- **Your objective**
Retype each record exactly; no pictures.

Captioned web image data

● ● ● ● ●

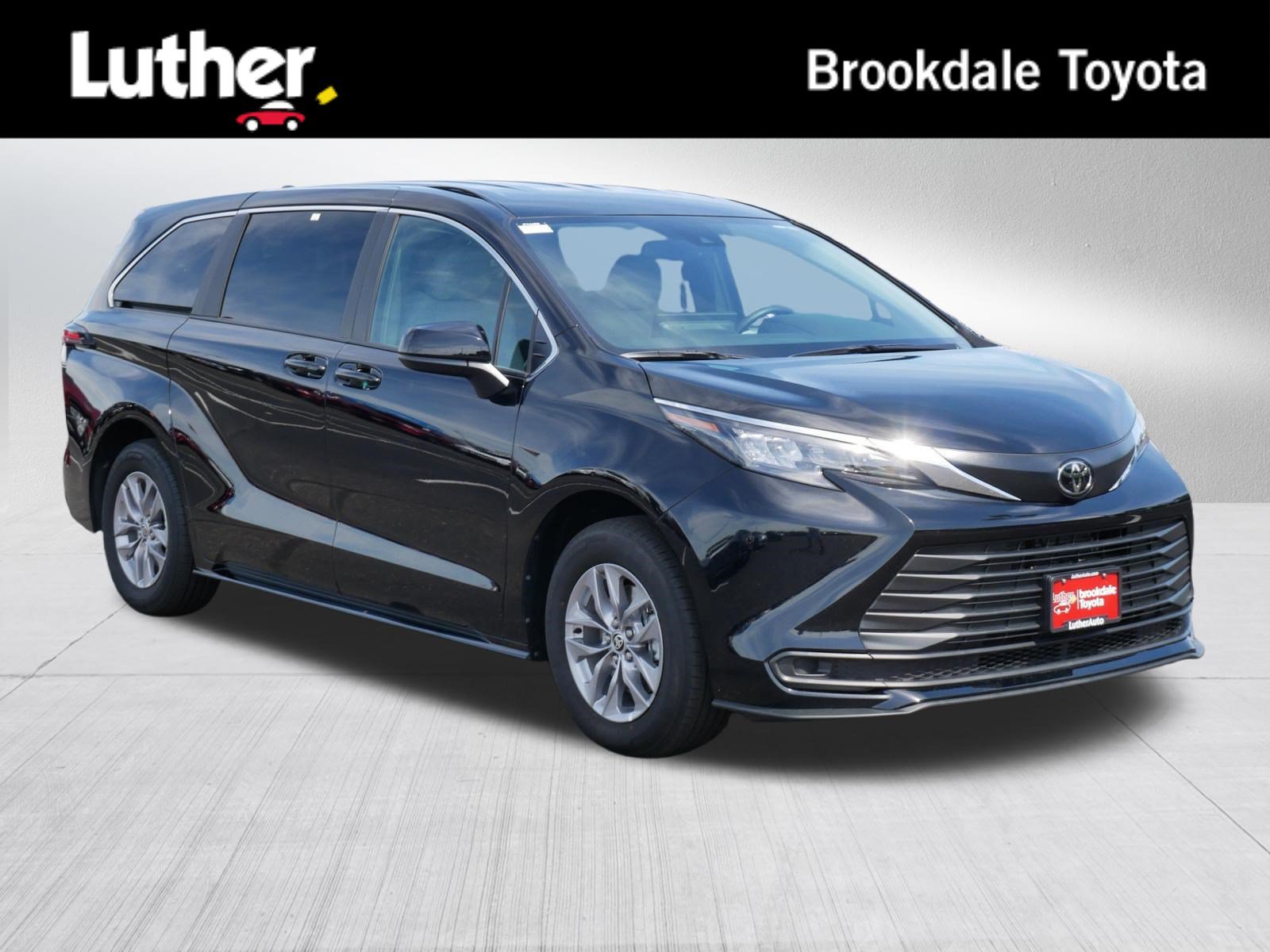 Certified 2026 Toyota Sienna LE FWD image 1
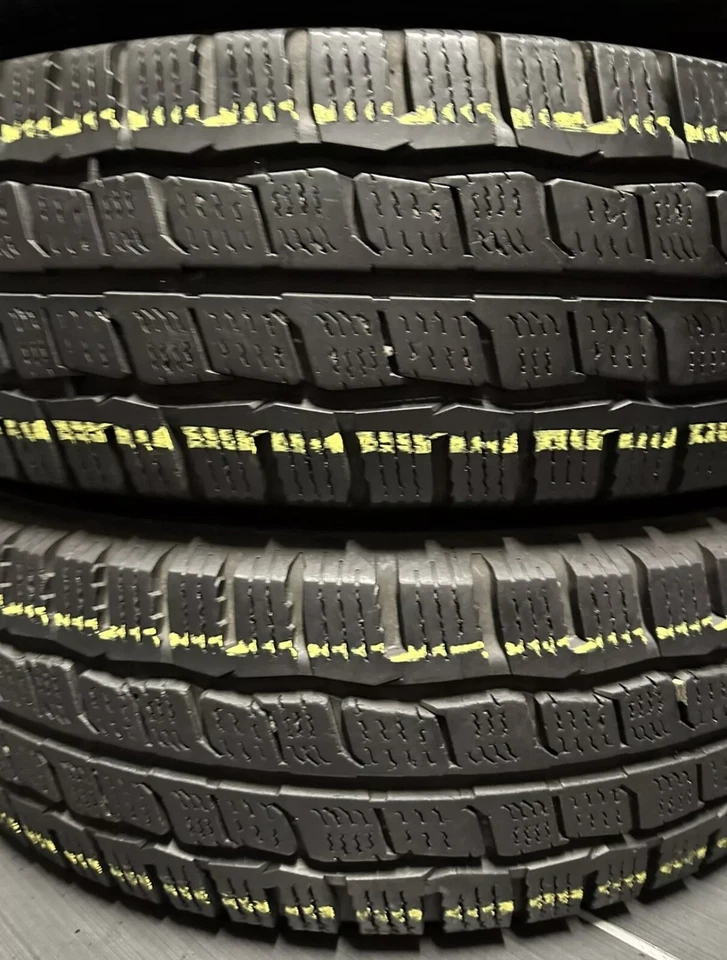 235.85.16 gomme usate - Immagine 2 di 4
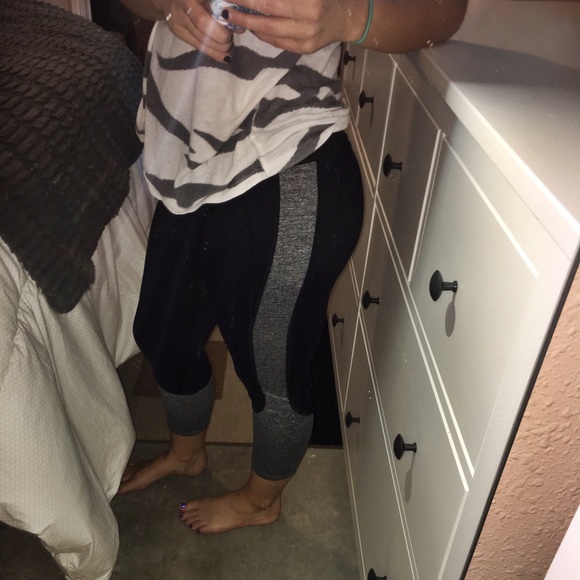 **HOLD** Forever 21 Workout pants!!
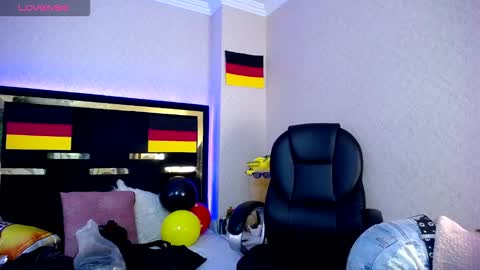 Moon Water   online show from 09-30-25, 11:48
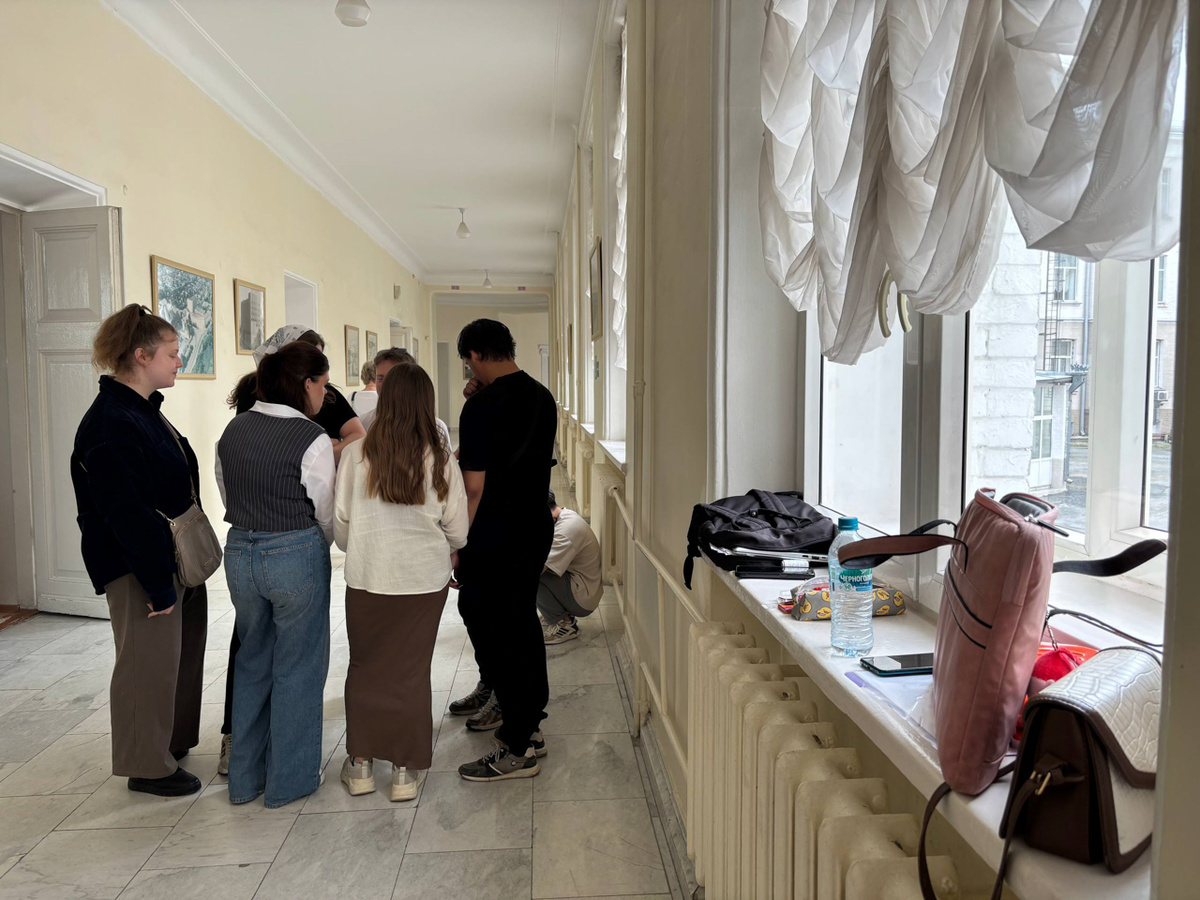 Занятия оперативно перенесли на запасные площадки, они будут проводиться в две смены.  Фото: Фото: ФедералПресс / Ирина Ромашкина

● ● ● ● ●

- **Written answer**
 Certified 2026 Toyota Sienna LE FWD image 1
 235.85.16 gomme usate - Immagine 2 di 4
 **HOLD** Forever 21 Workout pants!!
 Moon Water   online show from 09-30-25, 11:48
 Занятия оперативно перенесли на запасные площадки, они будут проводиться в две смены.  Фото: Фото: ФедералПресс / Ирина Ромашкина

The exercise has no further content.